Instructions for the task:
For the word "image", copy every line of the material that includes it.
***** Given data *****
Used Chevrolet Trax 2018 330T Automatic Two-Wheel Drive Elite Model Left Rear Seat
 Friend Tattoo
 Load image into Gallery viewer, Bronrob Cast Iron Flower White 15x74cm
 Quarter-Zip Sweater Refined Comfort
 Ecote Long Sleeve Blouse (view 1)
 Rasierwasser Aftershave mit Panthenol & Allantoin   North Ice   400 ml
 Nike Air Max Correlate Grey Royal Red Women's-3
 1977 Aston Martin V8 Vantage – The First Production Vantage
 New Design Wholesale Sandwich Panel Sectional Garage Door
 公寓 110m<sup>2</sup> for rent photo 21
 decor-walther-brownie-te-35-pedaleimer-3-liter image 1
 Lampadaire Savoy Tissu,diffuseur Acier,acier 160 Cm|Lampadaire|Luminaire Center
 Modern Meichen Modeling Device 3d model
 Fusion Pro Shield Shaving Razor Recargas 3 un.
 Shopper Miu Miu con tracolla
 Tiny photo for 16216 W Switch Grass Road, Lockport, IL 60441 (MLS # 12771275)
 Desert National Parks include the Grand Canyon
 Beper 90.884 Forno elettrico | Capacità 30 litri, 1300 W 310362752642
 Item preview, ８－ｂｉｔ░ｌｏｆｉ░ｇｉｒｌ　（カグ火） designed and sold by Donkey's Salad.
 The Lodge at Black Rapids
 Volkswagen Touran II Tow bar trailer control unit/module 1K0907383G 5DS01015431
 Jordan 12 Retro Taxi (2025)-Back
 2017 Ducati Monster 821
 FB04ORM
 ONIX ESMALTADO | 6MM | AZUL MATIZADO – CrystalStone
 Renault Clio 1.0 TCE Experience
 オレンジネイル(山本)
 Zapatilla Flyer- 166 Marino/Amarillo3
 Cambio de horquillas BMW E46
*****
Your solution:
 Load image into Gallery viewer, Bronrob Cast Iron Flower White 15x74cm
 decor-walther-brownie-te-35-pedaleimer-3-liter image 1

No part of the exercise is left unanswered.